ACTION ITEM: Copy the records below, from the line containing "1601/438 Marine Parade, Biggera" through the last line; leave out pictures.
==== SOURCE DATA
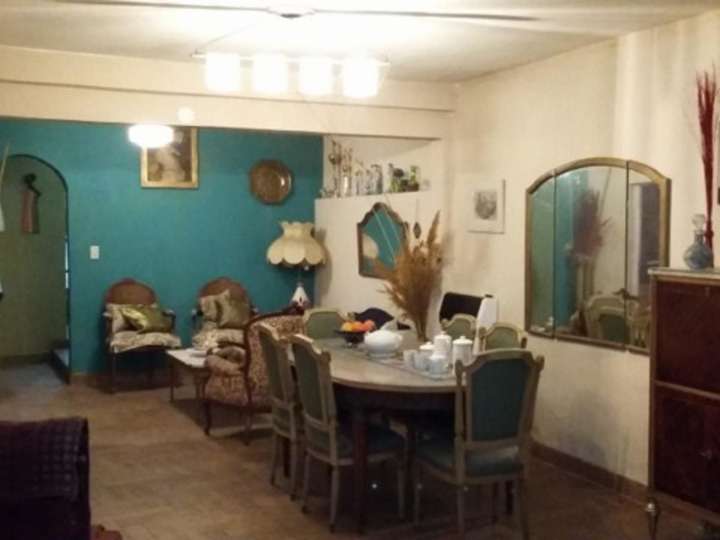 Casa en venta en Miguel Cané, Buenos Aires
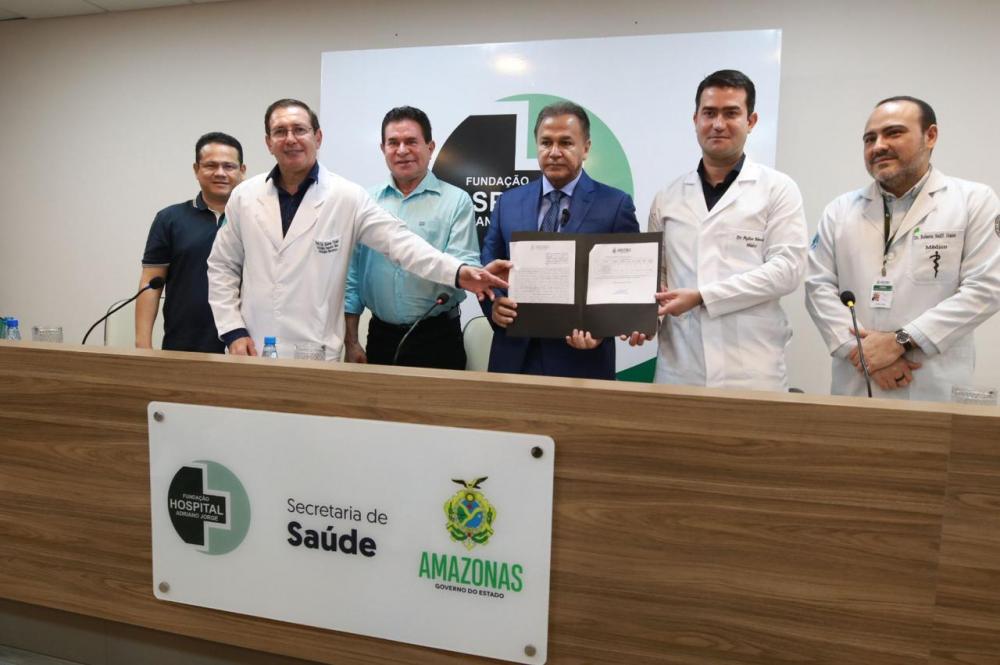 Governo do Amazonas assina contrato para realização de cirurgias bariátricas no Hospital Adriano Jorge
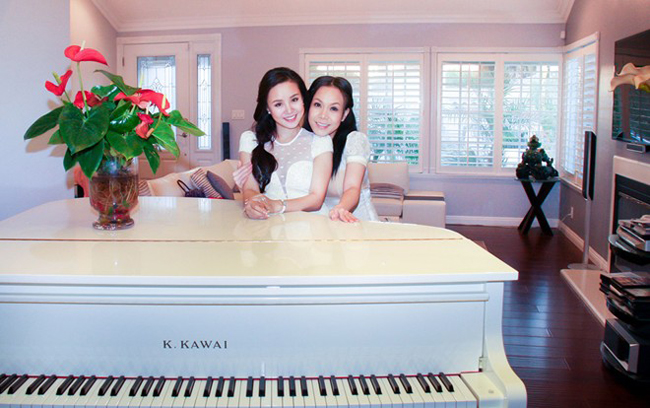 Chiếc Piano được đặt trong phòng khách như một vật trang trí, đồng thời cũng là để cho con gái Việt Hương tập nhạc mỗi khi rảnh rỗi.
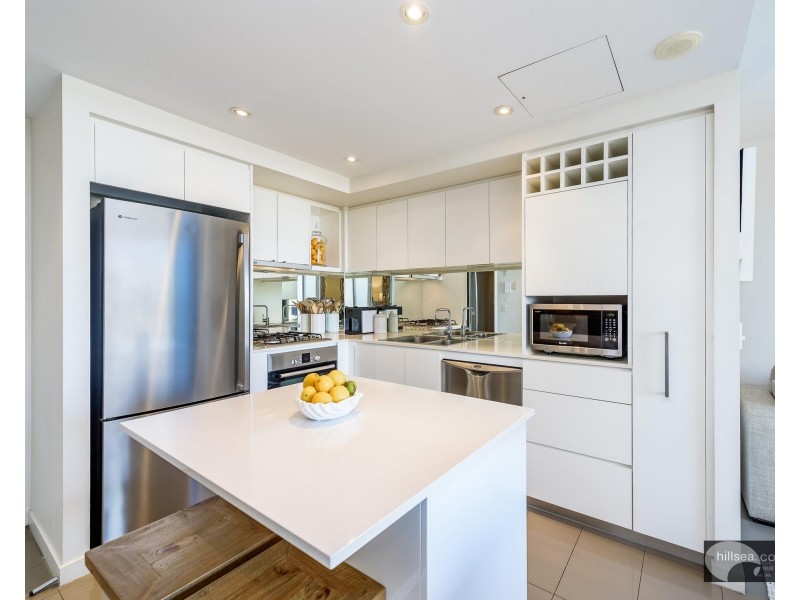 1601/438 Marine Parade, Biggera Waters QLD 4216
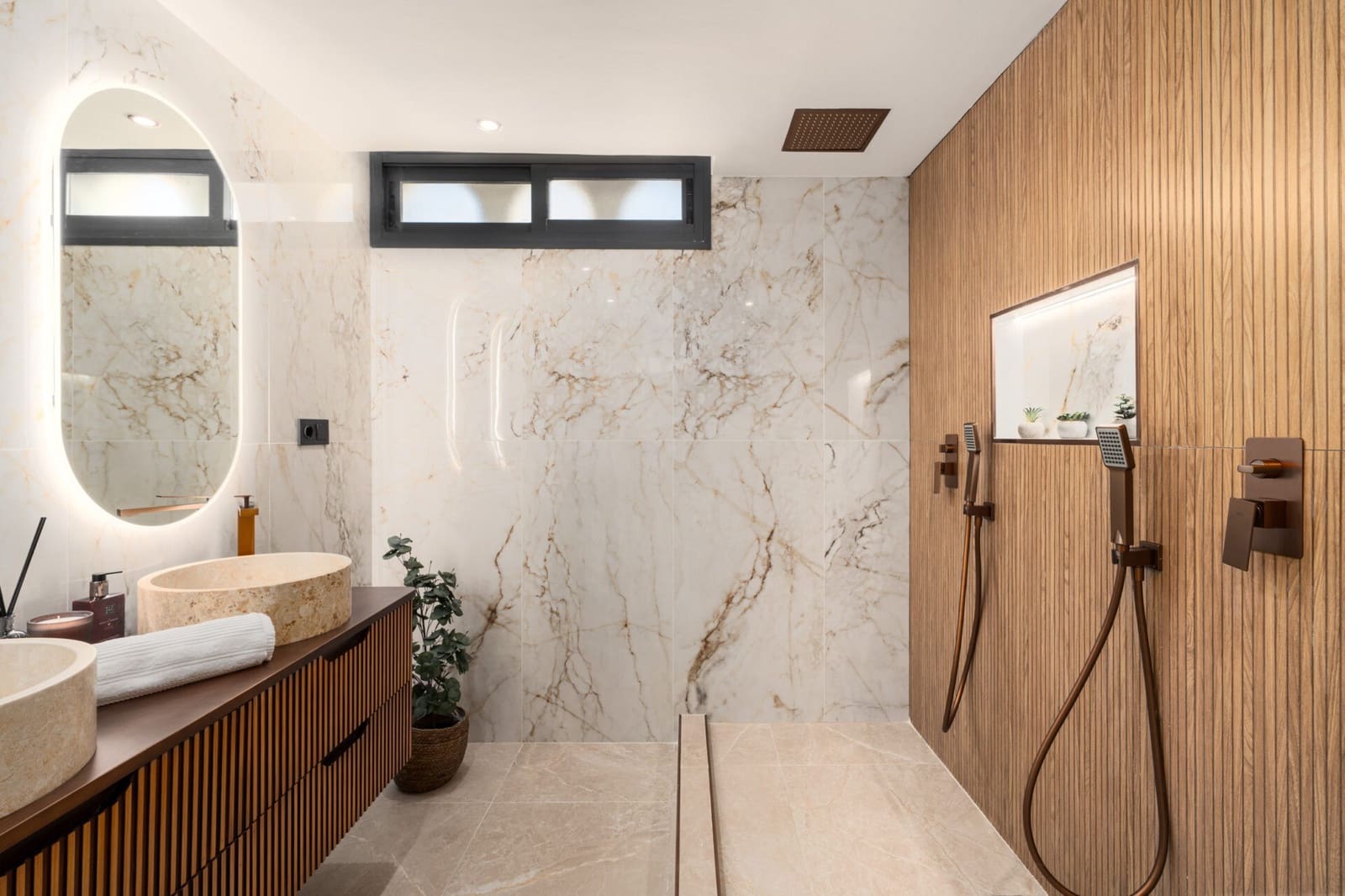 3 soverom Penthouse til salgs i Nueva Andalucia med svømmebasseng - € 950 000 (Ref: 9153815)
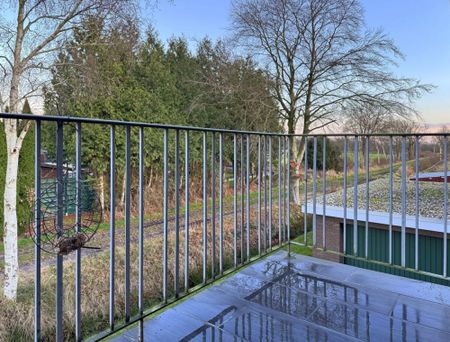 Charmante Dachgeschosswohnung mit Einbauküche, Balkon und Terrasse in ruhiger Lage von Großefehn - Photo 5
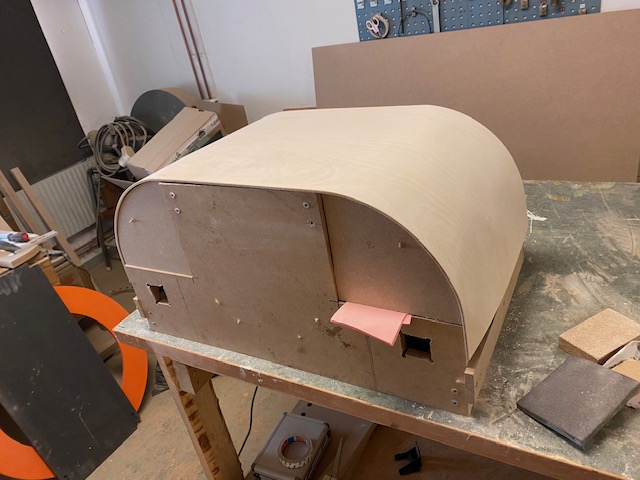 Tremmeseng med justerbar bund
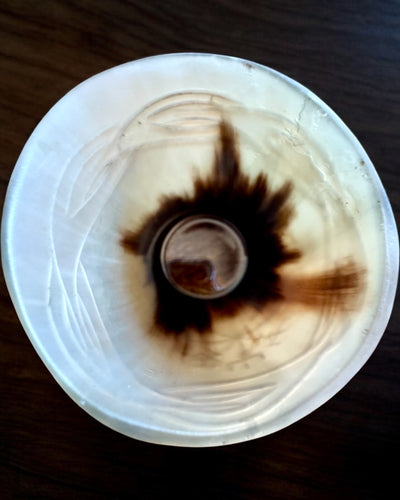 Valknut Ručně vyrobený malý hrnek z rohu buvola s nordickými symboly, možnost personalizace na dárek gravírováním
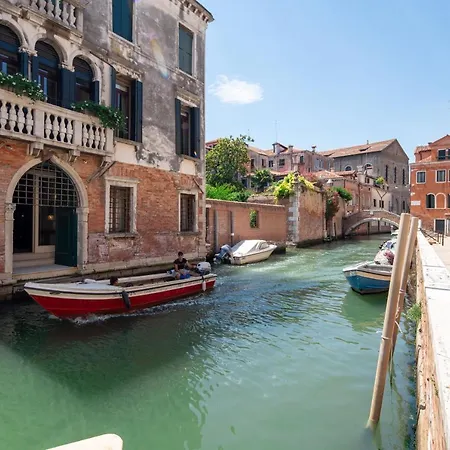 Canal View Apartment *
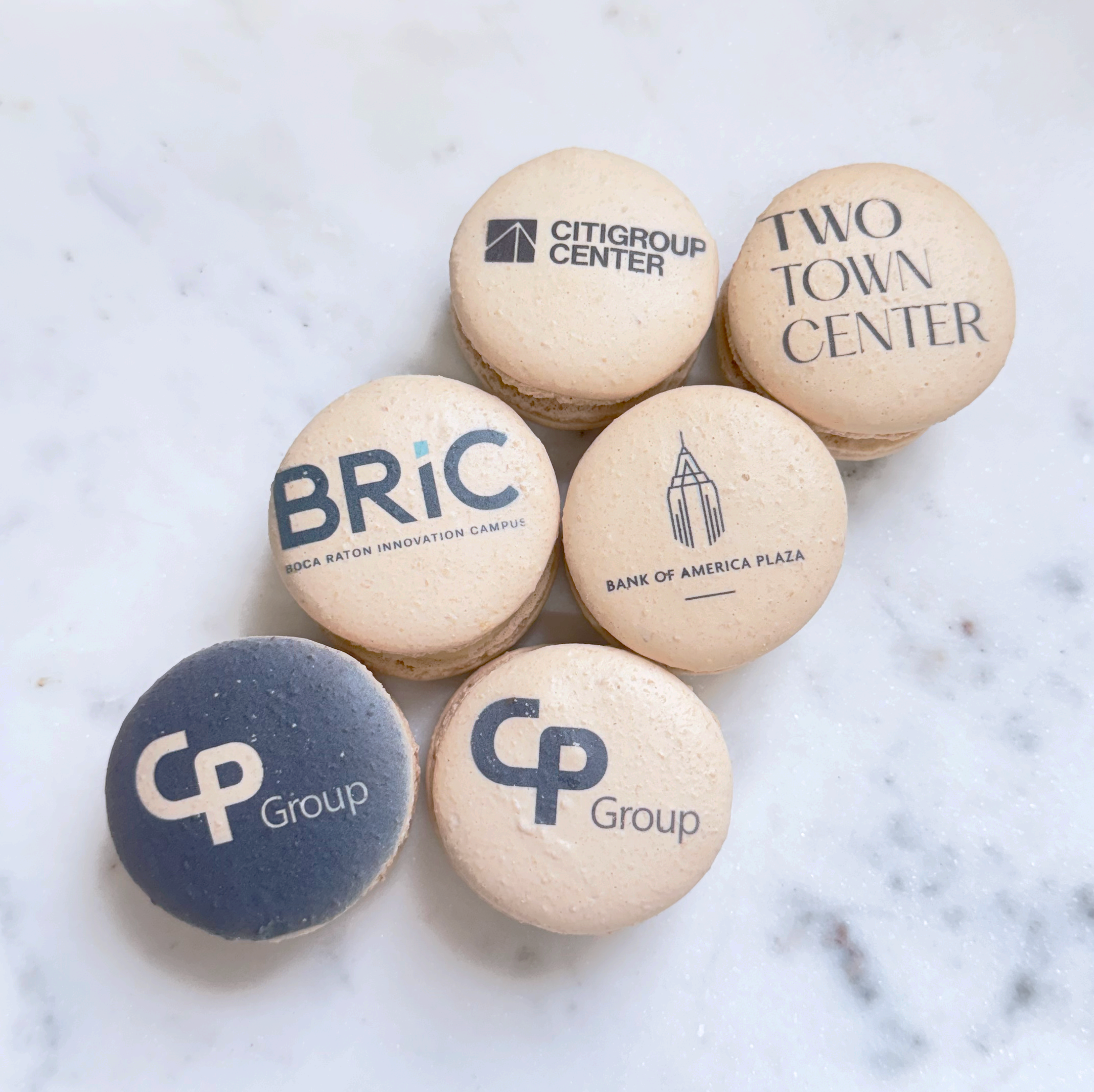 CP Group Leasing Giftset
========
ANSWER TO THIS EXERCISE:
 1601/438 Marine Parade, Biggera Waters QLD 4216
 3 soverom Penthouse til salgs i Nueva Andalucia med svømmebasseng - € 950 000 (Ref: 9153815)
 Charmante Dachgeschosswohnung mit Einbauküche, Balkon und Terrasse in ruhiger Lage von Großefehn - Photo 5
 Tremmeseng med justerbar bund
 Valknut Ručně vyrobený malý hrnek z rohu buvola s nordickými symboly, možnost personalizace na dárek gravírováním
 Canal View Apartment *
 CP Group Leasing Giftset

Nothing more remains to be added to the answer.